Esta descripción de los hechos puede parecer exageradamente pesimista, pero se intuye una cierta verosimilitud cuando, ante los gravísimos hechos que acontecen en los últimos tiempos, la reacción de gran parte de la sociedad se limita al encogimiento de hombros. Llaman democracia a un estado que reprime manifestaciones, cierra medios de comunicación, tortura salvajemente en las comisarías, ilegaliza partidos y movimientos sociales con un peso notable en la sociedad, utiliza los estamentos judiciales en función de intereses coyunturales y se aprovecha de una ciudadanía chantajeada por el consumismo exacerbado y las hipotecas esclavizadoras de por vida.
Por fuerza mayor, los ciudadanos minimizan sus protestas, relativizan su debilitada situación de opresión económica, política y vital y acaban por apoyar la democracia «menos mala», cuando no aplaudiendo a sus máximos representantes, capitaneados en el Estado español por el impresentable Borbón. ¿De verdad queremos para nuestros hijos este tipo de democracia?
Decía Fassbinder que lo que no somos capaces de cambiar debemos, por lo menos, describirlo. Lo que acontece en Euskal Herria (no nos queda otra que seguir mirándonos el ombligo) es el supurante resultado del sistema socio-político elegido por ese virus, un pelín más evolucionado, llamado ser humano.
En nuestro caso no hemos sabido y/o podido cambiar el estado de las cosas desde la conquista de Navarra. A las sucesivas reyertas y guerras le vienen sucediendo periodos tan poco democráticos como el que padecemos.
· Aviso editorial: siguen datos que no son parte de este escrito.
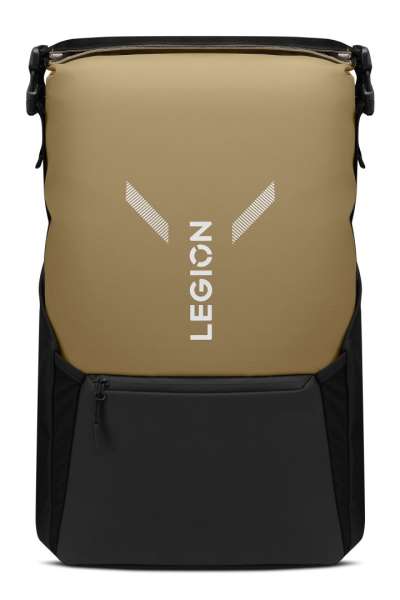 Lenovo Legion 16" Gaming Backpack GB500 Black/Yellow
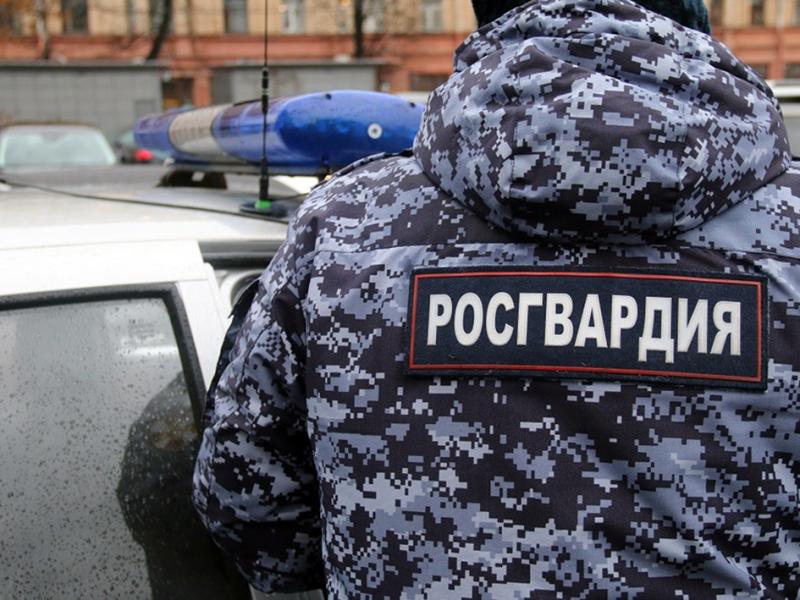 В Новосибирской области сотрудниками вневедомственной охраны задержан подозреваемый в умышленном причинении тяжкого вреда здоровью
En uno de estos últimos, en 1874, el presidente del Consejo de Ministros español, Cánovas, respondía a los delegados navarros, sobre la reivindicación de sus derechos, que «un hecho de fuerza es lo que viene a constituir el derecho, porque cuando la fuerza causa estado, la fuerza es el derecho». La tan alabada Constitución de 1812 describía la nación española como «la reunión de todos los españoles de ambos hemisferios» y en la misma línea, la Constitución de 1978 proclama, en su artículo primero, que la soberanía recae en el pueblo español y pasa a afirmar, en el segundo, que se fundamenta en la indisoluble unidad de la nación española, adjudicando (art. 8) a las Fuerzas Armadas la responsabilidad de garantizar la integridad territorial. Una vez más se pretende salvar a la voluntad popular (en el hipotético caso de que el pueblo soberano decida disolver dicha integridad territorial) de sí misma. En definitiva se trata de legislaciones garantizadoras de los derechos adquiridos, por parte de los vencedores, en los conflictos armados, ya sea Fernando el Católico o Francisco Franco, e impuestas a sangre y fuego, antes por las huestes del Duque de Alba y, más recientemente, por las de las Fuerzas del Orden Público, rebautizadas Fuerzas y Cuerpos de Seguridad del Estado, denominación un tanto rimbombante para unos cuerpos policiales temidos, pero no especialmente queridos por la ciudadanía vasca.
Mientras tanto, como planteaba Huxley, una buena parte de la población, abducida, quiere creer en sus dirigentes y niega, desde la existencia de las torturas, hasta la inagotable corrupción, justificando sin límite en nombre de esta pervertida situación democrática.
Por todo ello, no podemos ni debemos abstraernos de las decisiones que tomen los gobernantes, pues el gesto siguiente será la genuflexión. Y ya nos hemos arrodillado bastante. La lucha por una democracia participativa es un desiderátum, una meta hacia la que algunos desean encaminarse mientras otros pretenden haberla logrado ya, para no tener que lograrla nunca.
Debemos despertar para no dormirnos definitivamente en las telarañas de quienes nos gobiernan y posibilitar un futuro diferente a nuestros descencientes, una Euskal Herria sin violencias, cuyos ciudadanos sean quienes decidan su futuro y en donde todos los proyectos políticos se puedan llevar a la práctica en igualdad de condiciones. ¿Es mucho pedir en Democracia?